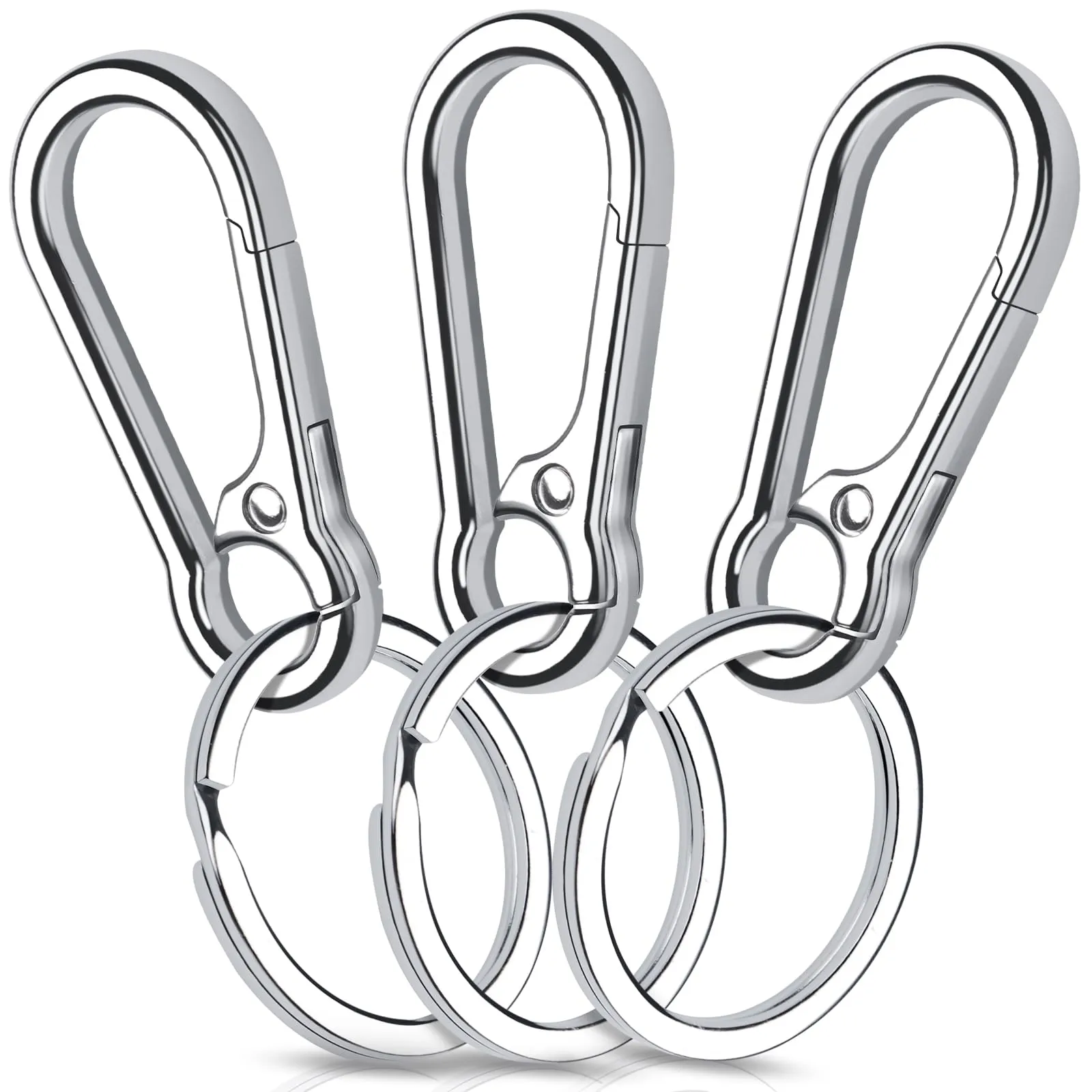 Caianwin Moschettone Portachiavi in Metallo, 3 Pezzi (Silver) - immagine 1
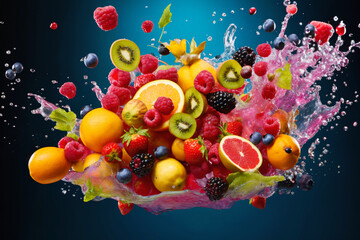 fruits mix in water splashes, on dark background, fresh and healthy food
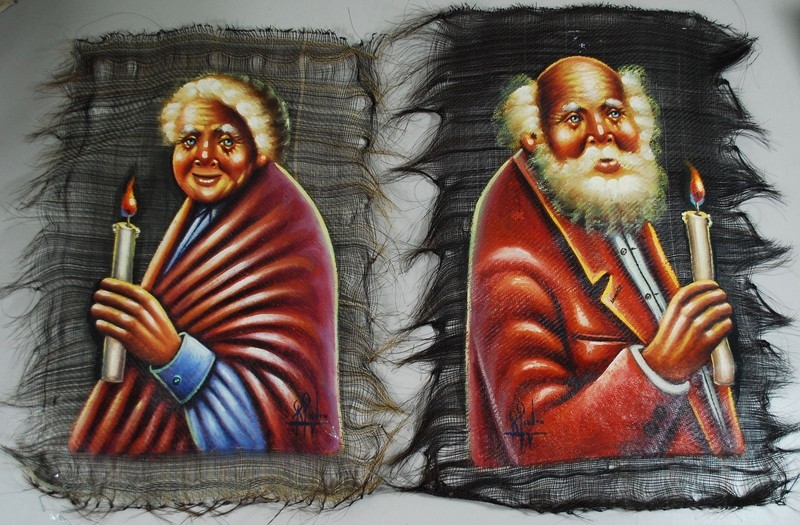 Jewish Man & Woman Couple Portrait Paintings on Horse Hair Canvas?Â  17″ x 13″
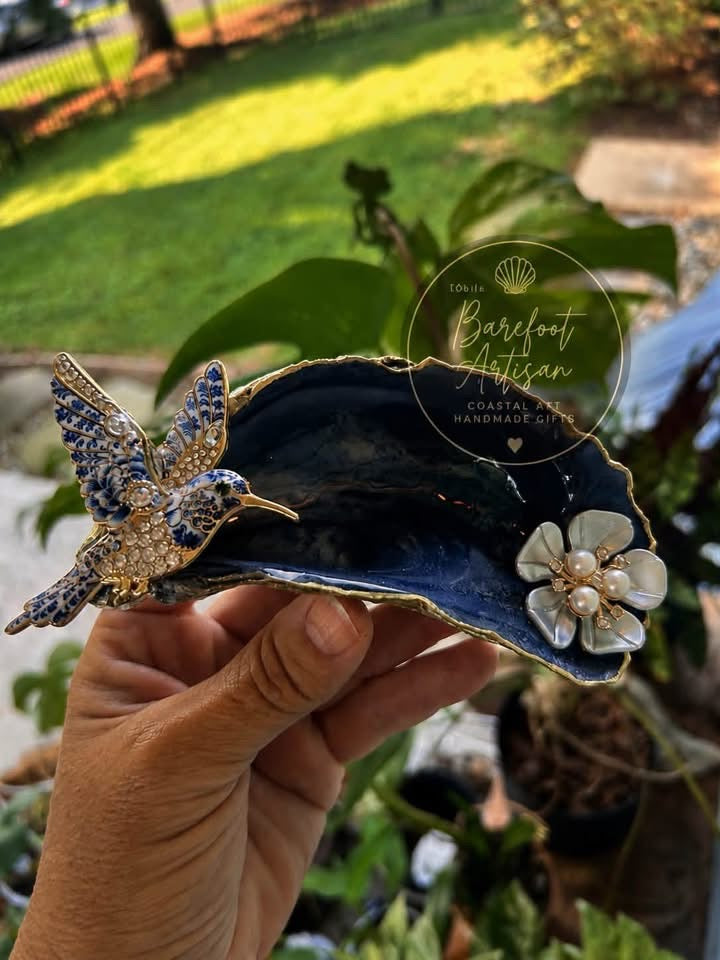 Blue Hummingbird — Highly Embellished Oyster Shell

☆ ☆ ☆ ☆

Problem details: Print the data exactly, from its first line to the line containing "Jewish Man &", both included. Omit the pictures.

Response to the exercise:
 Caianwin Moschettone Portachiavi in Metallo, 3 Pezzi (Silver) - immagine 1
 fruits mix in water splashes, on dark background, fresh and healthy food
 Jewish Man & Woman Couple Portrait Paintings on Horse Hair Canvas?Â  17″ x 13″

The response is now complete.